Asked about other issues that his Office needs to deal with, the Commissioner referred to the establishment and operation of ''Artemis'' Bank Information Systems Ltd, responsible for the operation of data exchange among banking institutions members of the Association of Commercial Banks in Cyprus, for control purposes of credit ratings and creditworthiness of their clients. “We receive a lot of complaints regarding ‘Artemis’. What I know is that ‘Artemis’ is a legal process designed to protect the legitimate interests of the banks. But there are several other issues we need to deal with and make suggestions for its improvement”.

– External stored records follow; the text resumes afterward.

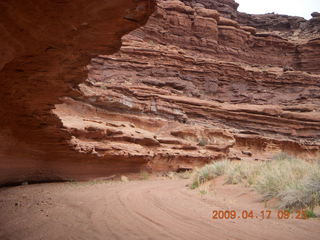 130 6uh. Canyonlands - Lathrop trail hike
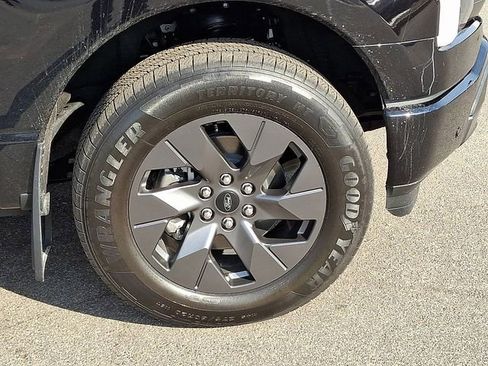 Used 2024 Ford F150 Lightning Lariat image 10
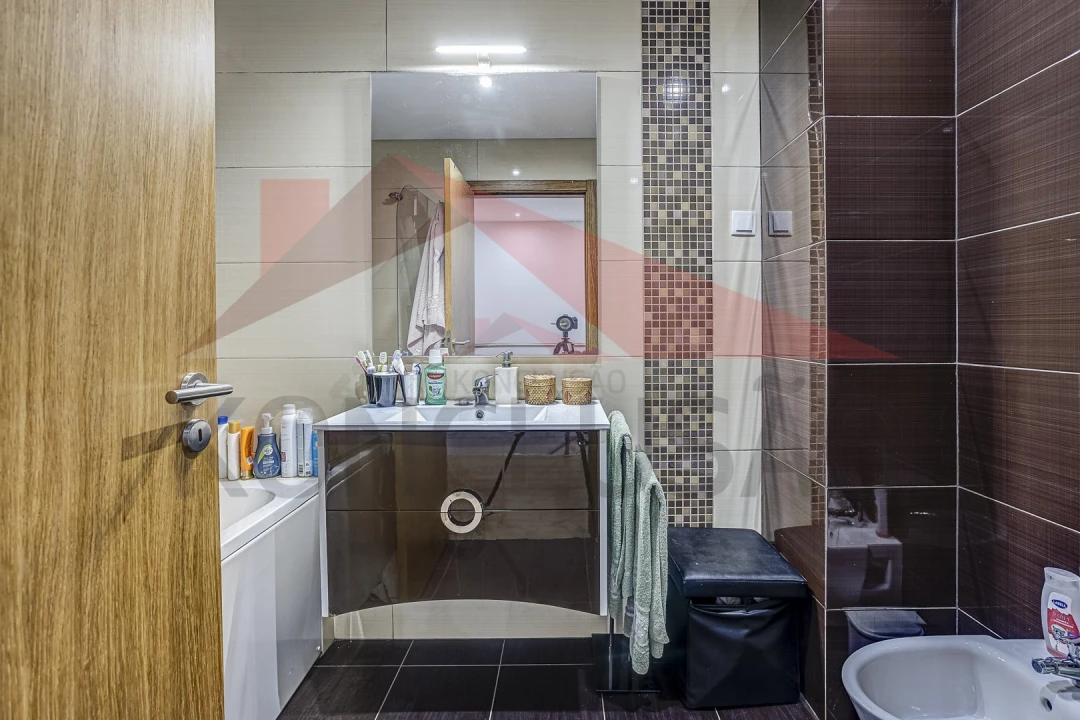 Moradia T4 para Venda em Alverca do Ribatejo e Sobralinho Foto 19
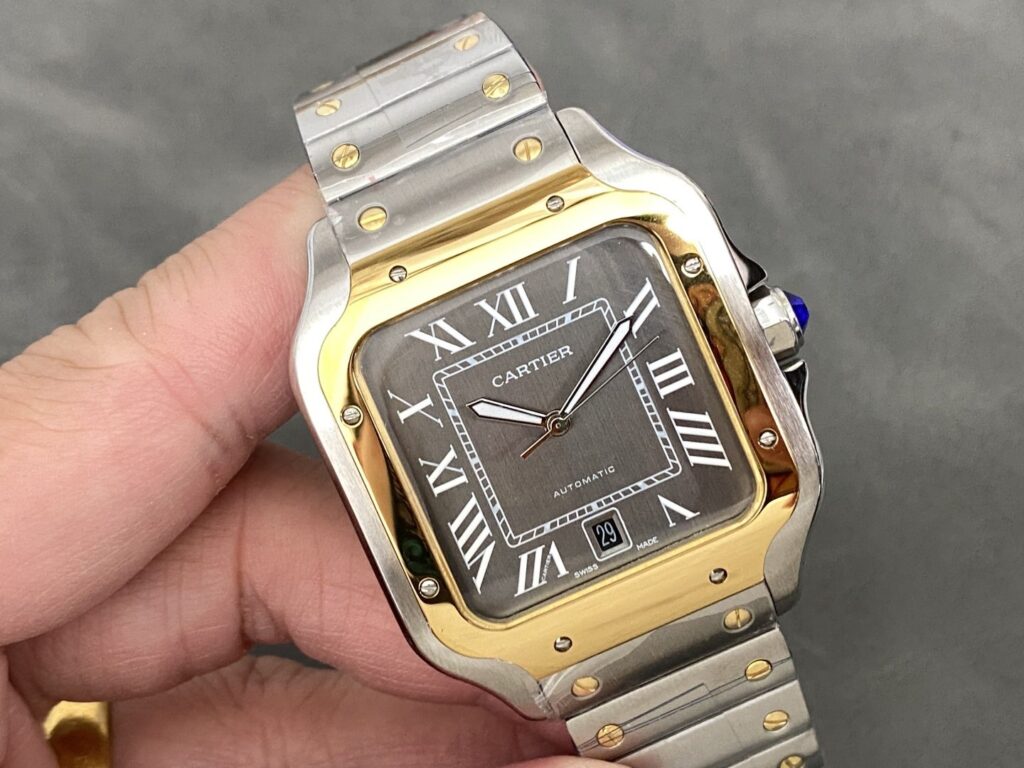 Super Clone Cartier Santos De Cartier CRW2SA0030 Demi Yellow Gold — case and bezel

Another issue the Office of the Commissioner has to tackle concerns complaints about the Bankruptcies and Liquidations Section. Specifically, the Commissioner receives complaints from individuals who went bankrupt and although they have recovered they still cannot receive a loan from a bank. That is because the Bankruptcies and Liquidations Section does not have a mechanism to “delete” those who have actually recovered after a bankruptcy, he explains. “These people remain exposed” the Commissioner notes, adding that on October 24 he will be meeting with representatives of the Department of Registrar of Companies and Official Receiver to examine the issue.

Last but not least the Office of the Commissioner will examine, in consultation with the Cyprus Sport Organisation, whether an athlete’s name should be published when found positive at an anti-doping control and has been excluded from an athletic event.

Commissioner Danielides has told CNA that in 2011 his Office issued Decisions concerning seven cases, four of which had sanctions imposed on the “offenders”. Specifically, Larnaca General Hospital has been obliged to pay 3000 euro for the loss of a patient’s file. Also the online news website “sigmalive.com” faced a 3000 euro fine, for illegally publishing online an individual’s personal data. A 3000 euro fine has also been imposed to Archbishop Makarios III Hospital, for not taking appropriate security measures for the protection of personal data. Cyprus Scientific and Technical Chamber also faced a fine of 1000 euro also for not taking appropriate measures for the protection of personal data.